Some sources seem to suggest that the basic consequence of a vector potential is that the phase $S$ of the wavefunction $\psi(\mathbf r,t) = R(\mathbf r,t) e^{iS(\mathbf r,t)}$ gets an extra term, namely the path integral $\int_{\mathbf r_0}^{\mathbf r} \mathbf A(\mathbf r') \cdot \mathrm d \mathbf r'$ (where $\mathbf r_0$ is some arbitrary reference point). Then again, this can't really be true, cause then phase wouldn't be well-defined (since a different path, but also going from r_0 to r, could give a different result). I realize that this last remark is also the key concept in the AB effect, but still, not in the aforementioned way, right? After all, phase shouldn't be ambiguous (except for a 2pi multiple of course). Actually, it's exactly this argument (that different path integrals should give the same phase mod 2pi) that is used to argue flux quantization in a superconducting ring... So why does it not apply more generally?

As you can see, I'm a bit confused. Note that I'm not looking for a vague explanation, I'm looking for something concrete (and well-defined) mathematically. Thank you!

2. May 21, 2012

### The_Duck

One concrete thing you can do easily in the regular Schrodinger wave equation formalism is solve for the energy eigenstates of a charged particle confined to a circular 1D ring through the center of which a solenoid passes carrying some amount of magnetic flux. There is no B-field at the ring's radius, but there is an A-field. Write down the Schrodinger equation including the A-field and solve it. Once you figure out what 1D Schrodinger equation to write down, you should find that the solutions are almost as trivial as free-particle solutions. You should find that the energy eigenstates of the particle are shifted by the presence of the magnetic field, even though the particle cannot enter the B-field. Furthermore (as I recall) the clockwise- and counter-clockwise-moving energy eigenstates cease to be degenerate. This is one manifestation of the Aharonov-Bohm effect.

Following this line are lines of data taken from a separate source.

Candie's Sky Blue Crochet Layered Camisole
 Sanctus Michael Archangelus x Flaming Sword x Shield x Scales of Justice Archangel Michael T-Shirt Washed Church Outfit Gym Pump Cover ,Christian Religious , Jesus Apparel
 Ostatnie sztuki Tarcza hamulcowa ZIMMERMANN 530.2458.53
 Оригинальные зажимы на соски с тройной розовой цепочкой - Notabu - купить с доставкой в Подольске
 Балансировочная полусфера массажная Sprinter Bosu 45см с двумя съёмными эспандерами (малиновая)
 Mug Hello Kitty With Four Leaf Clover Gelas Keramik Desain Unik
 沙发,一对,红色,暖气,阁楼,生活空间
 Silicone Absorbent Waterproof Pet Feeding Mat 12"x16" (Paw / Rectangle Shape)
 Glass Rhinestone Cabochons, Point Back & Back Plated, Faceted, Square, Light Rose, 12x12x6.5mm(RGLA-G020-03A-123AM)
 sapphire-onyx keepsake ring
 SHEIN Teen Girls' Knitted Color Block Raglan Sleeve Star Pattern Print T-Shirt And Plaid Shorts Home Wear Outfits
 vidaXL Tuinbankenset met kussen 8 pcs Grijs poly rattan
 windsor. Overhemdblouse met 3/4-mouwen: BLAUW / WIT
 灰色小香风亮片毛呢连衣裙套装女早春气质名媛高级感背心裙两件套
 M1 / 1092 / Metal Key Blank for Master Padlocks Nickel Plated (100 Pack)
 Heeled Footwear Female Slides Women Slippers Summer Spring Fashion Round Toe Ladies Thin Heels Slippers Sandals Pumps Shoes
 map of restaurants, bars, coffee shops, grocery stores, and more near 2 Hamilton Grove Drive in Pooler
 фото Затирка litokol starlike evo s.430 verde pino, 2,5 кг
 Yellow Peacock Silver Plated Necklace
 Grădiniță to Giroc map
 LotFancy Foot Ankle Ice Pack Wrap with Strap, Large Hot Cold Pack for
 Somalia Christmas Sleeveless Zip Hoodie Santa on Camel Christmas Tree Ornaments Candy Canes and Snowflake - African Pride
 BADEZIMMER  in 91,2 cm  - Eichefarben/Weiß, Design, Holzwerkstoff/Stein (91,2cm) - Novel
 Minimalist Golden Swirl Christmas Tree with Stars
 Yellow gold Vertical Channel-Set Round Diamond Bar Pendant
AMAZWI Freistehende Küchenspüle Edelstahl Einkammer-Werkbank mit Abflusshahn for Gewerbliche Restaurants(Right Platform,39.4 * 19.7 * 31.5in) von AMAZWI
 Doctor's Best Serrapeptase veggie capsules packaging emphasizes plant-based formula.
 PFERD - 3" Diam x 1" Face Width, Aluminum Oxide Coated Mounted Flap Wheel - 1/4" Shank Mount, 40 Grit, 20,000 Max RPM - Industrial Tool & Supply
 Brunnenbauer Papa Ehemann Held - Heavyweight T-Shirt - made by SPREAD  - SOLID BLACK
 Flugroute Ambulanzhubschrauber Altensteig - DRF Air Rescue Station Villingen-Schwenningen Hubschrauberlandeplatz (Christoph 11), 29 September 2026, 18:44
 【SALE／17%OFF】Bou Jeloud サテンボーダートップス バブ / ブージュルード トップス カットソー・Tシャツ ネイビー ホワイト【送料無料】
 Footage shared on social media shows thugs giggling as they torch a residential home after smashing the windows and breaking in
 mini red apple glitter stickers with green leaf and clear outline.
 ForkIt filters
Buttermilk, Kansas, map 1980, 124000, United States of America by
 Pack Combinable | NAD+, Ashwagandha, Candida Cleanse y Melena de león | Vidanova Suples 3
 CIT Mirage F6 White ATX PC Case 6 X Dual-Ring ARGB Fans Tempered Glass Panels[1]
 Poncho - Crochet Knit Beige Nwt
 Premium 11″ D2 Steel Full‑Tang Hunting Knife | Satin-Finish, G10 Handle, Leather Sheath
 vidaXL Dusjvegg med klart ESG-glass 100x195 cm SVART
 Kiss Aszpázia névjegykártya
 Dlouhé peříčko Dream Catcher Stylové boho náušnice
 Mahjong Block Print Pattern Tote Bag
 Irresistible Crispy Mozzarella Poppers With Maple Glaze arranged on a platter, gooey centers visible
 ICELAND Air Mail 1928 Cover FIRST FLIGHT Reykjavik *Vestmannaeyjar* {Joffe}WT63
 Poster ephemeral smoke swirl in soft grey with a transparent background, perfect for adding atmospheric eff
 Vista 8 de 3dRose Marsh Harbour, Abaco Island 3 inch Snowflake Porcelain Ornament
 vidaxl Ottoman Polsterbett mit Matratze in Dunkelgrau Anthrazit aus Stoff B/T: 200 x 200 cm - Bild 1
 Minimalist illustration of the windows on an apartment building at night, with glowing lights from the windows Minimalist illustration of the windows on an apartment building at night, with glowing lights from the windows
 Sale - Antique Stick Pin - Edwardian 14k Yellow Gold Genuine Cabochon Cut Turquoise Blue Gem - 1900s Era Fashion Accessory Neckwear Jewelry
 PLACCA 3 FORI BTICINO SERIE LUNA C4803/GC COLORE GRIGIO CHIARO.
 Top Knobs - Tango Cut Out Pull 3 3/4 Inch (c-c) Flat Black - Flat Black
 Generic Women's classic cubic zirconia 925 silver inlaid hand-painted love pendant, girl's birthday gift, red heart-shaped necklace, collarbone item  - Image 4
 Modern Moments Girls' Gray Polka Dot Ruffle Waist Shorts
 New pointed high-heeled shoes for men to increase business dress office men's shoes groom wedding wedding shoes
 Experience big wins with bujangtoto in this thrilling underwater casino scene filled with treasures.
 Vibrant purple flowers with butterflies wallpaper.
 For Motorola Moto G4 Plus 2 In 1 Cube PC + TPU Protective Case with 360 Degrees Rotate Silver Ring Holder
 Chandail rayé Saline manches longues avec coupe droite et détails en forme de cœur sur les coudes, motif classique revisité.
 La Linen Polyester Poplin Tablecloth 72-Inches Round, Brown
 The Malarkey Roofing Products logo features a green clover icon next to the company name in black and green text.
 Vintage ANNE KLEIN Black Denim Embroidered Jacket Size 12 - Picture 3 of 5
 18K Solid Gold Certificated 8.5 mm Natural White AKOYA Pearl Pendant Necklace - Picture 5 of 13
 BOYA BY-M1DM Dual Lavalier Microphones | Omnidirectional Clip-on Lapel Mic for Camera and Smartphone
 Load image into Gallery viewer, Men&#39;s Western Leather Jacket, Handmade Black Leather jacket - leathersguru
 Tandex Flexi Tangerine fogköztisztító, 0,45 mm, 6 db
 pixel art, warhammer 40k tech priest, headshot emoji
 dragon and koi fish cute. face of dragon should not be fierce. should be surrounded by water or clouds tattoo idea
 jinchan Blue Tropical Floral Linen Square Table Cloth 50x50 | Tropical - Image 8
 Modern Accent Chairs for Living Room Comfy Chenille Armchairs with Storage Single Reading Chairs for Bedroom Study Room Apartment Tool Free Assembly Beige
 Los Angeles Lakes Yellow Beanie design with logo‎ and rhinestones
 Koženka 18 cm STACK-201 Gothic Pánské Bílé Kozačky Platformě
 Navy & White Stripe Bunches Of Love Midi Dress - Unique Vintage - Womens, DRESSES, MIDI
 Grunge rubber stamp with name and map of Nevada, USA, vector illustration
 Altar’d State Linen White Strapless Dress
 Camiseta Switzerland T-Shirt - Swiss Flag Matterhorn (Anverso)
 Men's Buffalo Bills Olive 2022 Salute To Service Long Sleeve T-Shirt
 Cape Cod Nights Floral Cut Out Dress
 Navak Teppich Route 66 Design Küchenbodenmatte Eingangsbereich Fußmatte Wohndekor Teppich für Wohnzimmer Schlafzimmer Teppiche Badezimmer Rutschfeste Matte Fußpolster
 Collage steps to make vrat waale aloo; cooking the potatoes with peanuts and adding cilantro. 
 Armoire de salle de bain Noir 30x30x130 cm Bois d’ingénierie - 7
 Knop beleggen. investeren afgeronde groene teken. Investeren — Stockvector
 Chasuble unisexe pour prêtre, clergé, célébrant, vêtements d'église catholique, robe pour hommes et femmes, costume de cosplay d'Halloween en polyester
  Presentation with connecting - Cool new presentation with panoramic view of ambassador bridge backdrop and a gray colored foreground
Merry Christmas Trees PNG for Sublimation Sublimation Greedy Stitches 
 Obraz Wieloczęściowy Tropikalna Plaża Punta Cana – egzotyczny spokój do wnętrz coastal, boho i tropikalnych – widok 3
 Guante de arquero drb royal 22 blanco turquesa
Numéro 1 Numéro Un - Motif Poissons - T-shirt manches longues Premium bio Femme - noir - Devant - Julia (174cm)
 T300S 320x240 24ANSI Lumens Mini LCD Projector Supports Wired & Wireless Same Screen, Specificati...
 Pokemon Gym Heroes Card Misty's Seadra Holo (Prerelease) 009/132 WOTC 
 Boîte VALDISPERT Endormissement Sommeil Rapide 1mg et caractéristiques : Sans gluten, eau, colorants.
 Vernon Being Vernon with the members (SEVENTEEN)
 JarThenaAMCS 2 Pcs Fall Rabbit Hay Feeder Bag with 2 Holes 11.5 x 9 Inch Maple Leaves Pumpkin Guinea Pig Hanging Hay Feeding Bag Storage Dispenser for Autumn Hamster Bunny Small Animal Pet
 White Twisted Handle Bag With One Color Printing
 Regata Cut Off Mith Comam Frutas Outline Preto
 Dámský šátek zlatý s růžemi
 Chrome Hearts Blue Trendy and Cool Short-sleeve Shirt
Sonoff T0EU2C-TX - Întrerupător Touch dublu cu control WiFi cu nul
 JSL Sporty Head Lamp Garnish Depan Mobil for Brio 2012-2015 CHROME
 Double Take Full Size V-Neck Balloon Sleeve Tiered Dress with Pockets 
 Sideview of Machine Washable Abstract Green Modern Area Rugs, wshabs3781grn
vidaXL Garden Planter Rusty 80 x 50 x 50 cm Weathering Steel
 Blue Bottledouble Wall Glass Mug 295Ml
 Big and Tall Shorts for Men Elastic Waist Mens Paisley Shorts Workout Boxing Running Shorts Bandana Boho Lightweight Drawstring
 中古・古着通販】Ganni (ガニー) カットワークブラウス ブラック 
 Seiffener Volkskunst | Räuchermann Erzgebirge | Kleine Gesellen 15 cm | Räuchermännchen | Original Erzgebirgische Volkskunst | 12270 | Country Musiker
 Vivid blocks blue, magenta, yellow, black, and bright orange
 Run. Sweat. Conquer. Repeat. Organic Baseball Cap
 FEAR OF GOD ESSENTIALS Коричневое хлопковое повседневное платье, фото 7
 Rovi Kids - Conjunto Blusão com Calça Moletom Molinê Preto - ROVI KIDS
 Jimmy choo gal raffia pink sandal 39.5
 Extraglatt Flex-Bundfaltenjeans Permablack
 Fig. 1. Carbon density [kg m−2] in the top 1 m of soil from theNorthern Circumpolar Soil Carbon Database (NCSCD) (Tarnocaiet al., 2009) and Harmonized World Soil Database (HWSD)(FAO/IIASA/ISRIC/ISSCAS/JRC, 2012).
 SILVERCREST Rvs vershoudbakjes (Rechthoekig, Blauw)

Not sure if this is helpful, but it is concrete and mathematically well-defined.

3. May 21, 2012

### strangerep

As with most aspects of "ordinary QM", Ballentine is a good place to start.
Try section 11.4.

This doesn't mean the phase is ill-defined. It just means the phase can be position dependent -- which is also a key concept in gauge theories of interaction.

Take a look at Ballentine and then see if any points remain unclear...

4. May 23, 2012

### Staff: Mentor

The setup is similar to a double-slit with photons, where you can add phase shifts at the slits (e.g. with material with a different refractive index). Similar to this, you have to constrain the electron path in order to get a phase which is nearly the same for all electrons in one path.

5. May 24, 2012

### DrDu

I also back up the approach proposed by The Duck.
You will find that the energy states depend on the magnetic flux through the loop which is an observable in contrast to A.
Nevertheless this is astonishing given that the electrons don't enter the region where B is non-vanishing.